A chegada do trem, no dia primeiro de junho de 1910, e a elevação da Vila de Santa Teresa de Caxias à categoria de cidade, no mesmo dia, mês e ano, tiveram dois significados importantes para a história de Caxias do Sul: foram um reconhecimento dos resultados conseguidos pelo imigrante italiano até aquele momento e trouxeram muitos benefícios pela consequente abertura de novas perspectivas.
O reconhecimento se dava, agora de forma concreta, pela consolidação das palavras que Júlio de Castilhos havia pronunciado 15 anos antes em visita à Vila de Caxias. Na ocasião, ele criou o consagrado epíteto de “Pérola das Colônias” e anunciou que faria o trem chegar até ela. Era o poder público reconhecendo o esforço do colonizador e se dispondo a criar novas condições de crescimento.
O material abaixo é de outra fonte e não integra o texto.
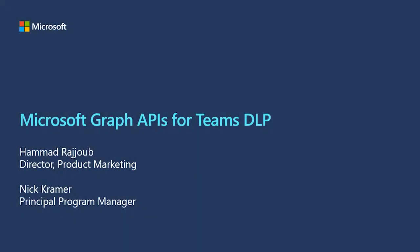Hello, and thank you for joining our session on Microsoft Graph APIs for Teams DLP. My name is Hamad Zarjoub. I'm a Director of Product Marketing for Compliance Ecosystem, and with me today is Nick Kramer, who is Principal Program Manager on Microsoft Teams.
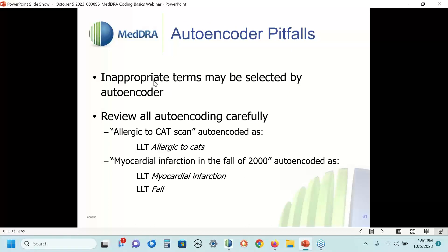Sometimes your auto-encoder will steer you in the wrong direction. Here, a verbatim that said 'allergic to cat scan' got auto-encoded to 'allergic to cats.' We get a good laugh out of it, but if you had 10 of those cases in your database coded incorrectly and submitted to a regulatory agency, the quality of your work is immediately under scrutiny. Another example: 'myocardial infarction in the fall of 2000' was coded by the auto-encoder as myocardial infarction and fall — most of us would agree this refers to a time of year, not an actual physical fall, creating a misrepresentation of what's in the verbatim.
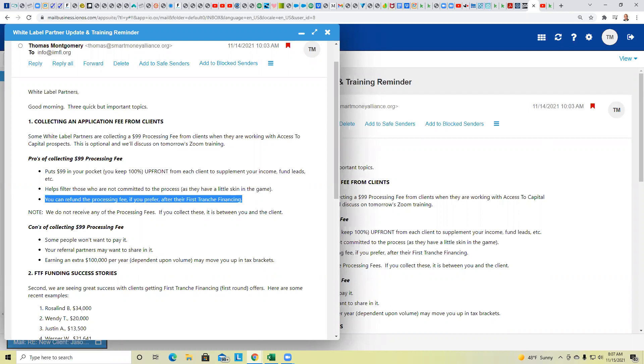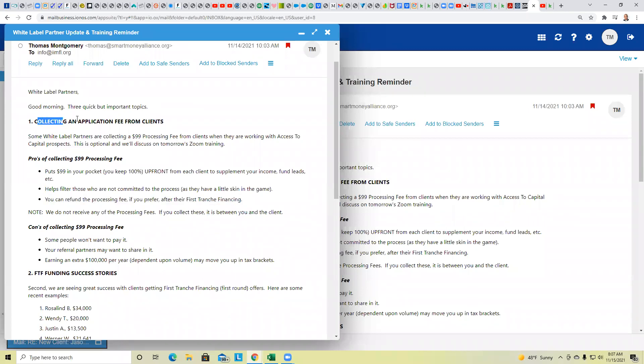So I'm curious if you all would just respond for a moment in the question and answer. How many of you think it's a good idea? Or how many of you think it's a bad idea to charge access to capital clients a processing fee, an app fee? Okay, so let's move on to number two on the agenda.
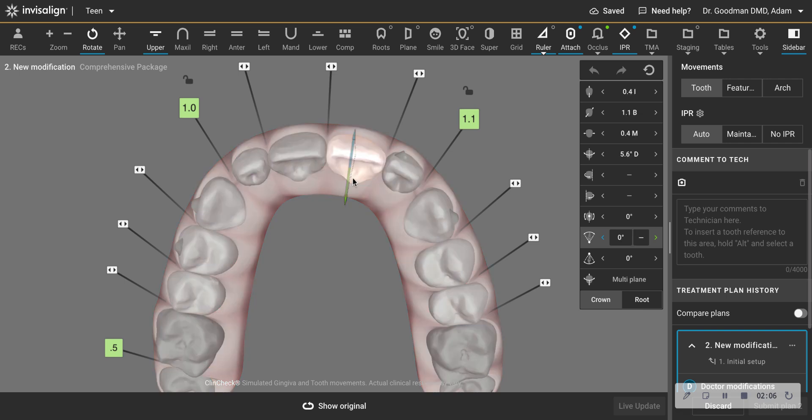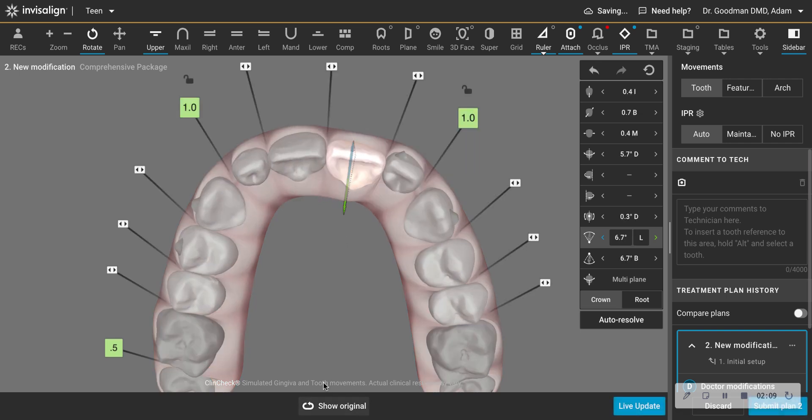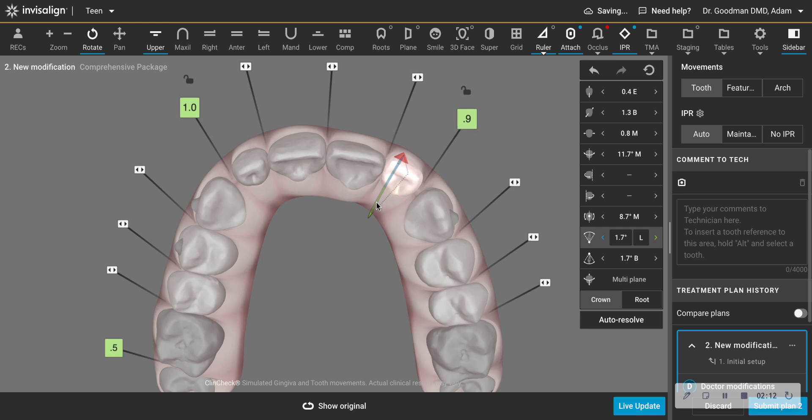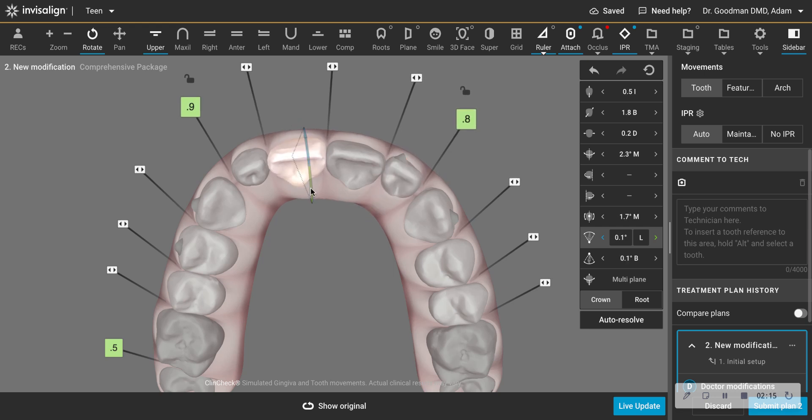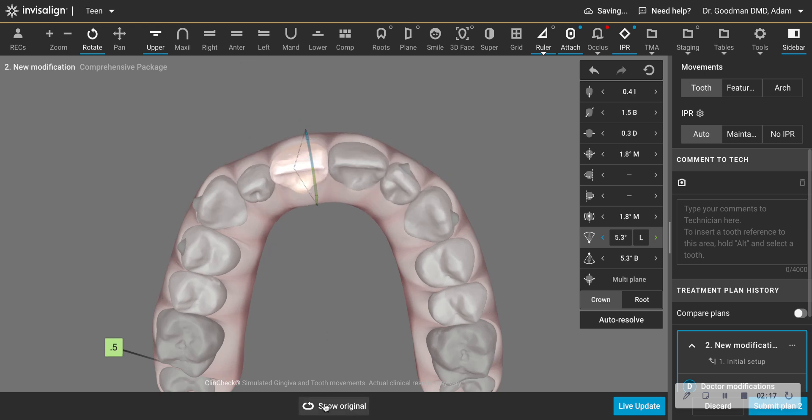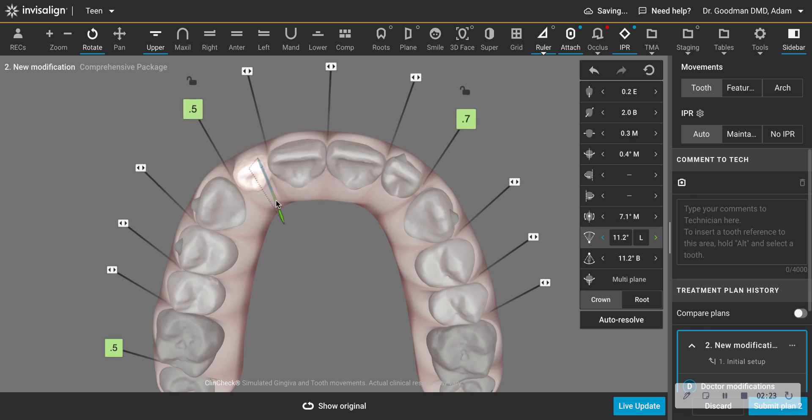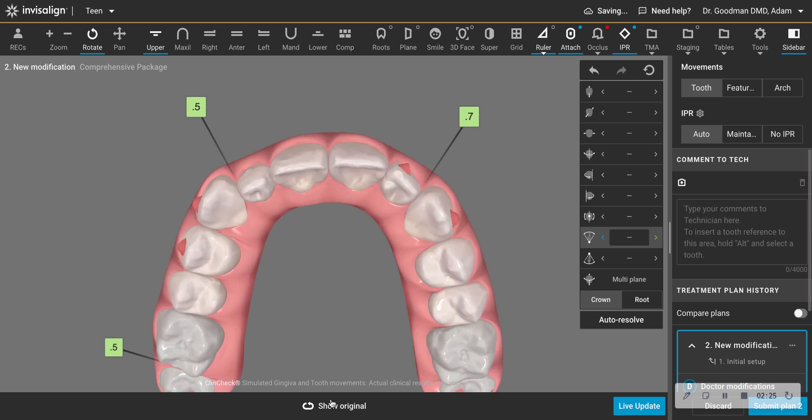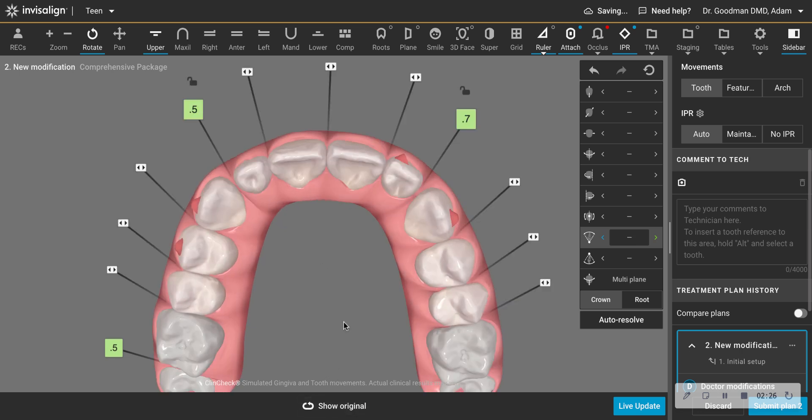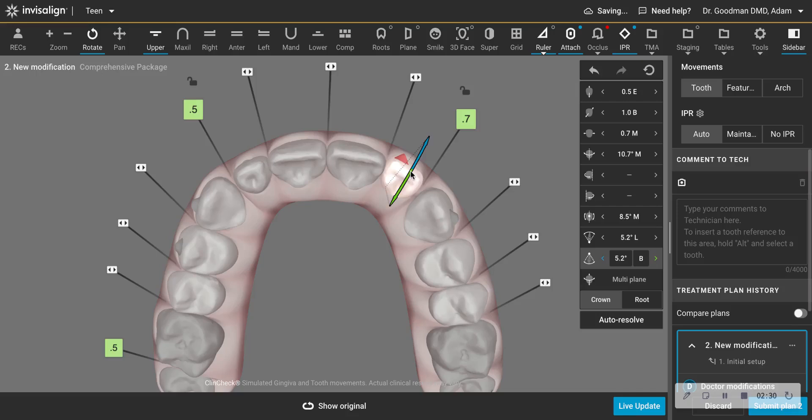So what I do is I just bring the roots back kind of towards where they were. And we're going to find out if this does give me more overjet. I just manually do this. I suppose you can instruct the technician. And then what I do, once I brought the roots back, is then I bring the crown more forward.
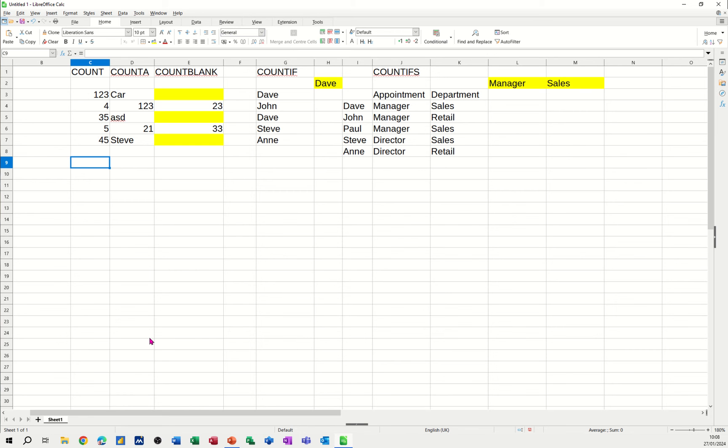Hi guys, welcome to this session in LibreOffice Calc. In this module, I want to show you how you can utilize some of the count functions in Calc.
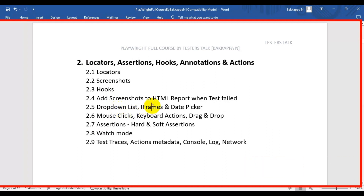Then we will see how to select the dropdown list value and how to validate the dropdown value. Next we will see how to work with iframes and how to select dates, whether today's date or any customized date. Then we are going to see how to perform mouse actions, keyboard actions, and how to drag and drop elements using Playwright. And next we are going to see assertions — hard assertions and soft assertions in Playwright.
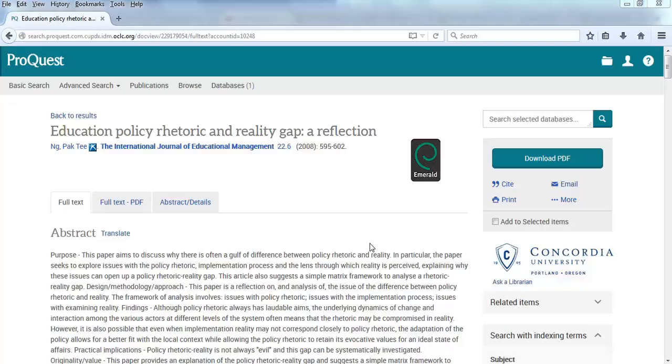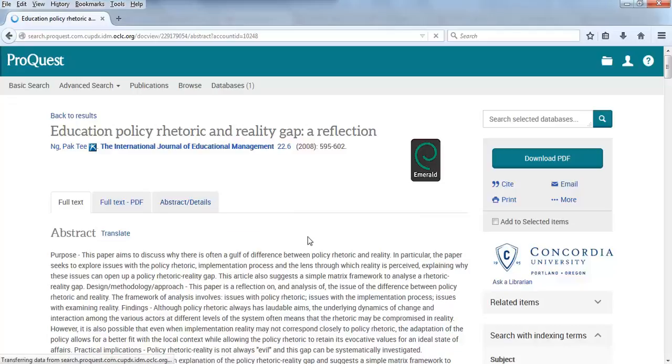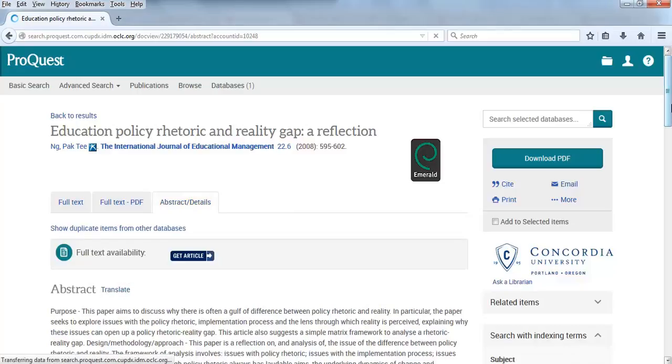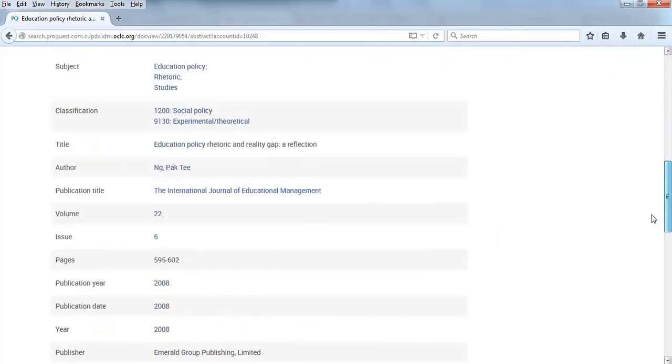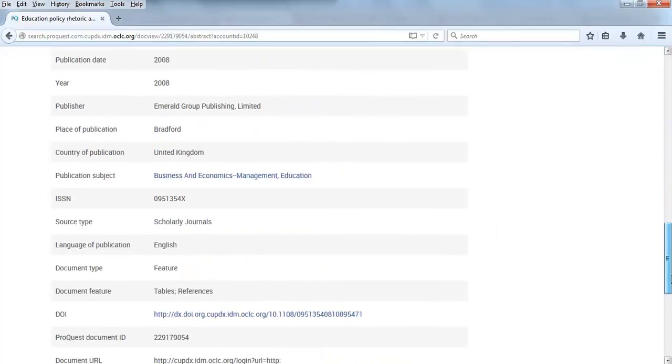Once you find an article that you want to use, click on the Abstract Details tab. Then scroll down to the bottom of the page.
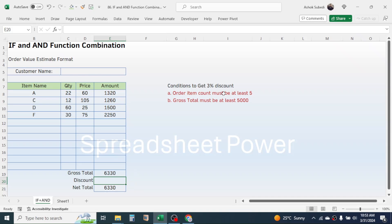To get the three percent discount, the customer must fulfill two conditions. The first condition is the order item count must be at least five, and the second condition is the gross total must be at least five thousand. If both conditions are satisfied, the customer will get three percent discount. To make this calculation dynamic, we will use the combination of IF and AND functions together.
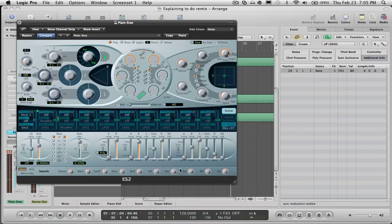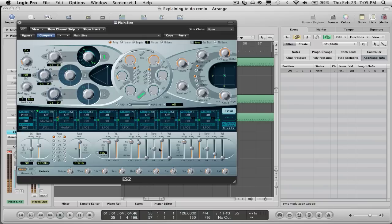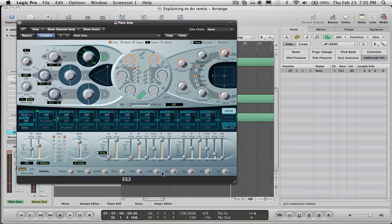And another cool sound you can make with that is if you change the attack. So mess around with that, mess around with all these things with the cutoff.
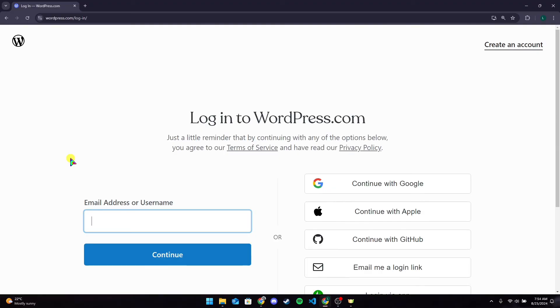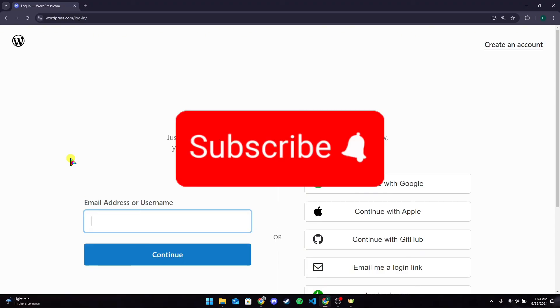So that is how you can log out from your WordPress account. Thank you for watching this video. Please do not forget to like, share, and subscribe to our channel and comment down if you have any queries.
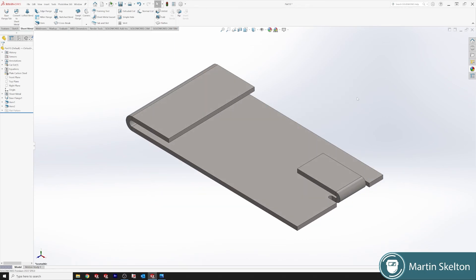This has been SolidWorks feature in 3 minutes. We looked at the Hem. There's more long form content on my channel. Please like and subscribe. Till the next time.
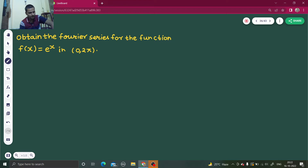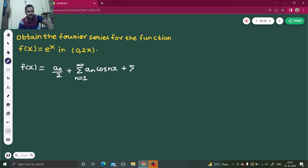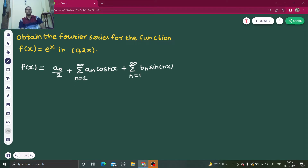The Fourier series for the function f(x) is given by a₀/2 plus summation n=1 to infinity of aₙ cos(nx) — since it is from 0 to 2π — plus summation n=1 to infinity of bₙ sin(nx).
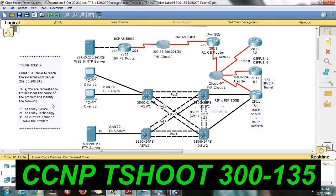Once you have located the device where the issue is occurring, you will need to find the faulty technology — whether it is HSRP, BGP, routing, EIGRP, passive interface, neighbor issues, VLAN issues, port security, or transport. Then determine what action should be taken to solve the problem.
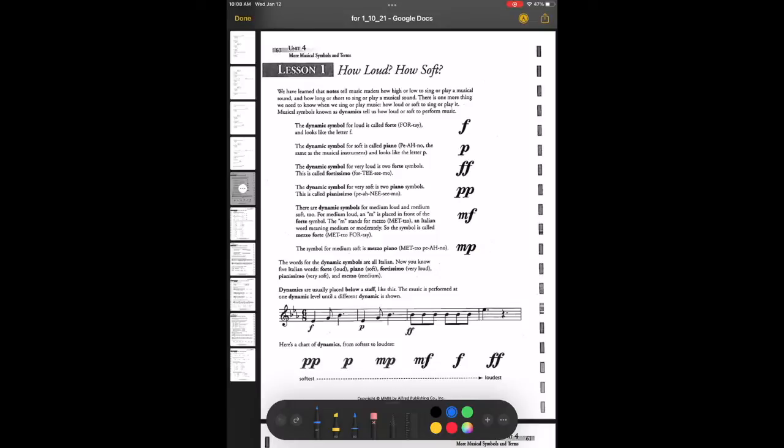So to review: F is forte, loud. P is piano, soft. FF is fortissimo, very loud. PP is pianissimo, very soft. MF is mezzo forte, medium loud. MP is mezzo piano, medium soft.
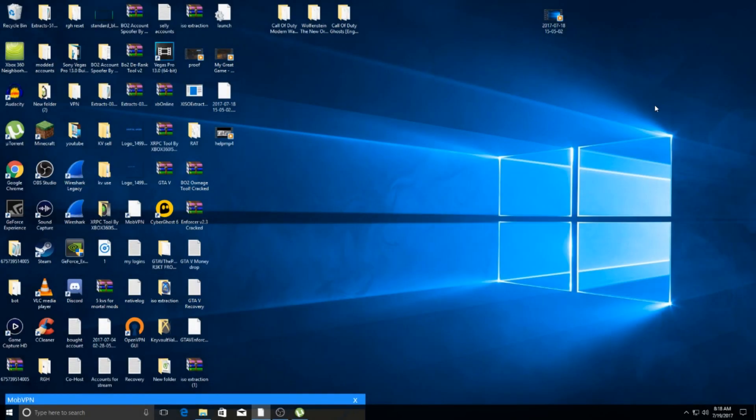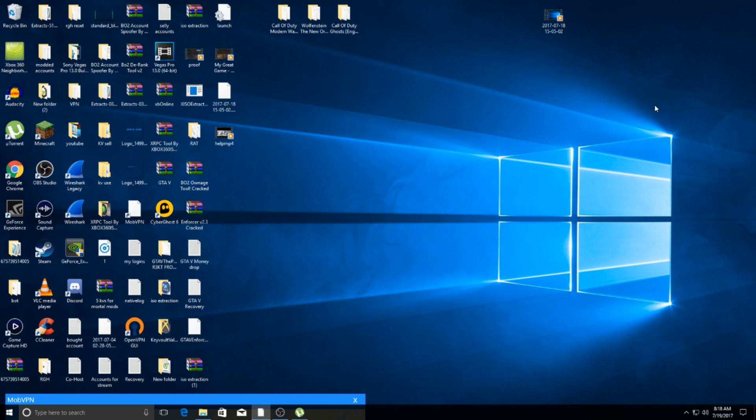What's going on guys, MortalMods here. In this video I'm going to show you how to hook your Xbox to a VPN so you can spoof your IP and people can't boot you offline, track where you live, and all that other stuff.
Com o título de cidade, Caxias ganhava novo status político e de cidadania, passando a ombrear com outras localidades já centenárias no Rio Grande do Sul. E a chegada do trem era a confirmação de que também no plano econômico, no social e no cultural, haveria retorno para esse investimento. Nem o trem teria chegado, nem a vila se transformaria em cidade se Caxias não tivesse já feito por merecer.
Os benefícios daí decorrentes podem ser postos em três níveis:
No plano econômico, surgiu a possibilidade de investir em produtos de comércio externo, e não apenas para o consumo interno. Com esse propósito, foram feitas tentativas de cultivo do bicho-da-seda, da oliva e da viticultura, todas com apoio do poder público estadual. O cultivo que acabou tendo sucesso foi o do vinho. O chamado ciclo da madeira foi também beneficiado pela estrutura de transporte ferroviário. Ainda no plano econômico, o comércio tomou maior volume e gerou recursos para investimento na indústria, em especial a metalmecânica. Estavam lançadas as bases econômicas para a Caxias do futuro.
No plano social, ampliaram-se os serviços nas áreas da educação pública e privada, da saúde, do esporte e do lazer. A instalação de uma unidade do exército nacional foi também um privilégio.
No plano cultural, a cidade passou a ter possibilidades de trazer espetáculos de teatro e de música. A vida esportiva, fonte de intercâmbio e integração, surge com toda a força já na década começada em 1910. Os clubes sociais crescem e se multiplicam; a imprensa vai se tornando cada vez mais ativa.
Em resumo, os dois fatos – a chegada do trem e a elevação à categoria de cidade – criaram os rumos para a Caxias que conhecemos. Se não tivessem acontecido, nossa história e nosso perfil de desenvolvimento, de que tanto nos orgulhamos, teriam sido bem outros.
É verdade que o trem não está mais sendo usado para esses benefícios, mas seu valor simbólico segue inalterado. Para alimentar meu orgulho pessoal, a filmagem de O Quatrilho criou uma oportunidade para o trem visitar Caxias do Sul pela última vez, levando depois essa imagem para o mundo. E a arquivando na memória da cidade.
José Clemente Pozenato é escritor e autor do aclamado “O Quatrilho”, que foi adaptado ao teatro pelo grupo caxiense Miseri Coloni; ao cinema por Fábio Barreto, concorrendo ao Oscar e transformado em ópera.